After No Bears was selected for the Golden Lion competition of the Venice Film Festival, the Ministry of Culture of the Islamic Republic of Iran called the film a "political game [rather than a] movie [that] does not have a production license". On July 28, 2022, the Iranian Film Directors Association issued an official statement congratulating the selected directors for the nomination, and moreover demanding that the Iranian government consider "the request of 19 cinema guilds, and hundreds of cinematographers [to] examine the status of these filmmakers, and their release as soon as possible".

It was reported that the 79th Venice Film Festival was significantly affected by the arrest and trial of Panahi. The artistic director of the festival Alberto Barbera, after announcing the list of films in a media event, demanded the release of directors Panahi, Rasoulov and Al-Ahmad. He later called on "all filmmakers and other personalities" to join a flash mob that will take place on the red carpet before the premiere on September 9 at 16:30 at the Palazzo del Cinema, to protest Panahi's arrest and to show solidarity with others from around the world who have faced persecution in the same way.

== Release ==
No Bears had its world premiere in-competition at the 79th Venice International Film Festival for the Golden Lion, on 9 September 2022. The film had its North American premiere that same month at the 2022 Toronto International Film Festival.

==Reception==
 Metacritic, which uses a weighted average, assigned the film a score of 93 out of 100, based on 29 critics, indicating "universal acclaim".

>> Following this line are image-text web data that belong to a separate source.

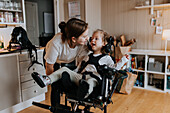 Mutter kümmert sich um behindertes Kind im Rollstuhl zu Hause
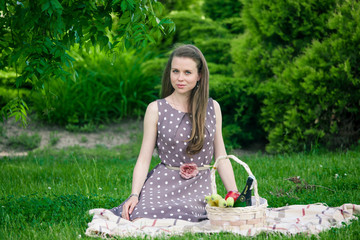 beautiful woman  with basket  on the grass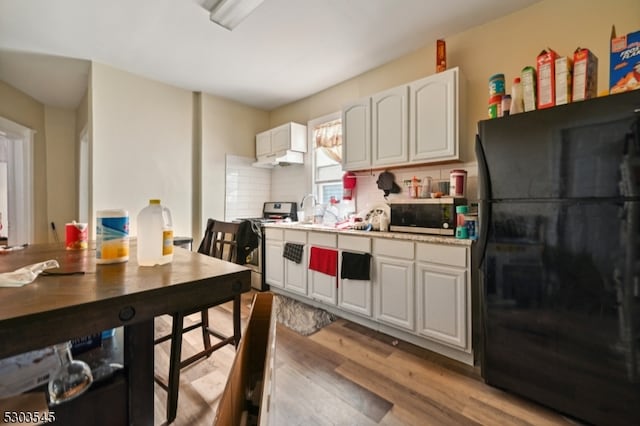 kitchen featuring white cabinetry, tasteful backsplash, light wood-type flooring, appliances with stainless steel finishes, and sink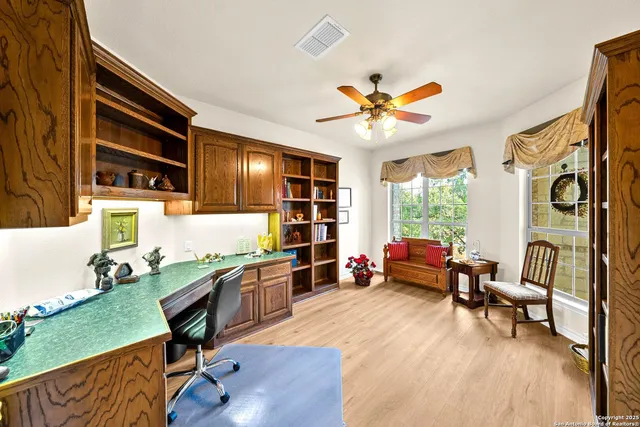 a view of a big room with wooden floor and a ceiling fan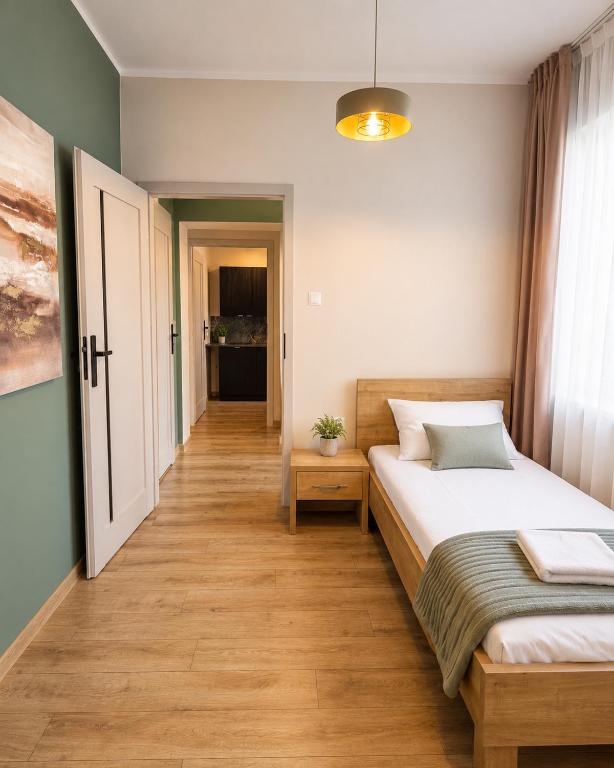 a bedroom with a large bed and a hallway at Apartament Contra II in Wodzisław Śląski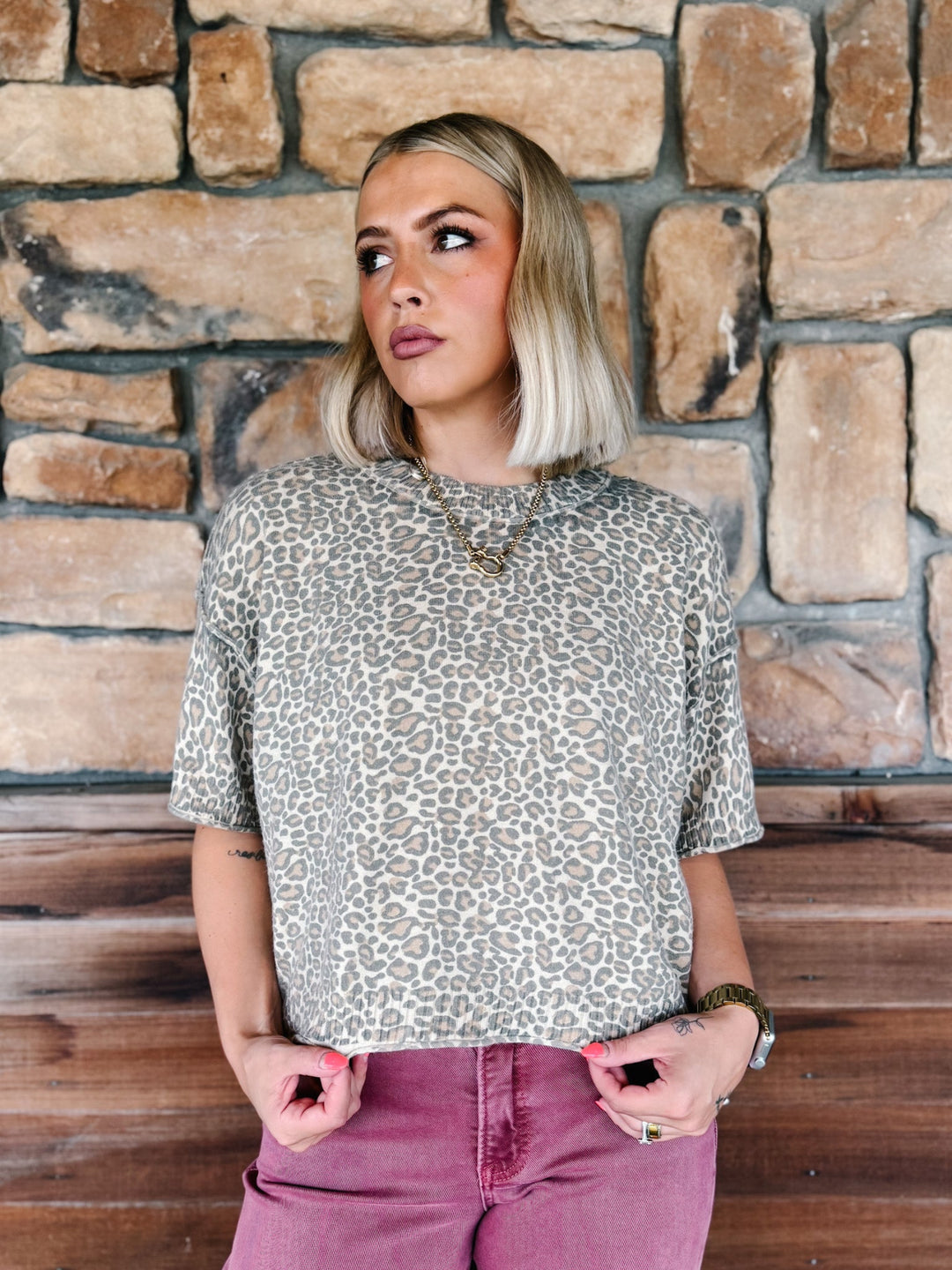 A woman with blonde bob-cut hair wearing a beige and brown leopard print short-sleeve top and dusty rose pants, standing in front of a rustic stone wall.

Filmmaker Laura Poitras praised the film, saying "To watch No Bears is to experience a kind of cinematic vertigo: a renowned director goes to a rural village to remotely direct a fiction film about lovers escaping a country, who perhaps takes a photograph of young lovers in the village defying authority, and who perhaps himself is trying to escape."

===Accolades===
Panahi competed for the Golden Lion, the main prize of the Venice Film Festival for the second time; he first received this award for his movie The Circle (2000). No Bears won the Special Jury Prize with actors Mina Kavani and Reza Heydari accepting the award in Panahi's absence.

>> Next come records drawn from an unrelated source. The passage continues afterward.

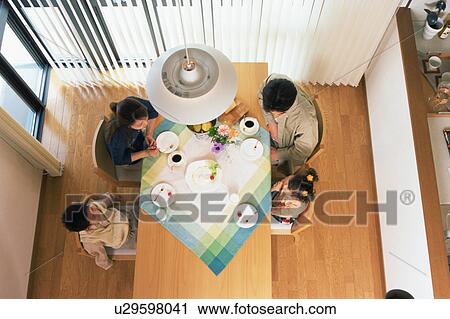 Stock Image - High angle view of a family having their breakfast together. Fotosearch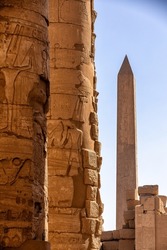 Ancient columns and obelisk in the background at Temple of Karnak in Luxor, Egypt.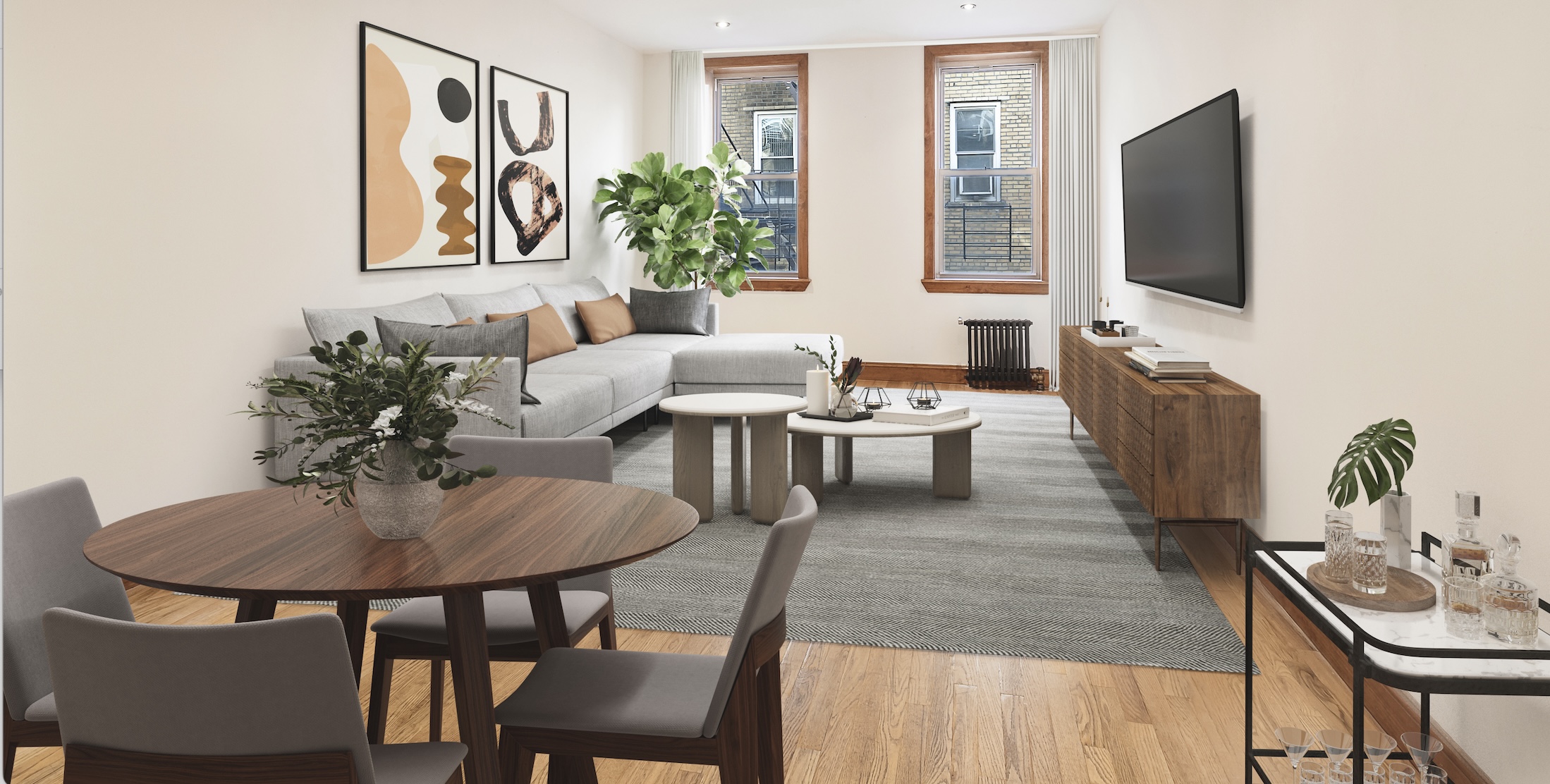 a living room with furniture and a flat screen tv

Award: Date of ceremony; Category; Recipient(s); Result; Ref(s)
Venice Film Festival: 31 August – 10 September 2022; Golden Lion; Jafar Panahi ‡; Nominated
Special Jury Prize: No Bears; Won
Chicago International Film Festival: 13–23 October 2022; Award for Cinematic Bravery; Won
Gold Hugo: Nominated
Valladolid International Film Festival: 22–29 October 2022; Golden Spike; Nominated
National Society of Film Critics: 7 January 2023; Best Director; Jafar Panahai; 3rd place
Best Foreign Language Film: No Bears; Runner-up
Best Picture: No Bears; 3rd place
‡ The director is in prison, so he cannot participate in competitions and receive awards.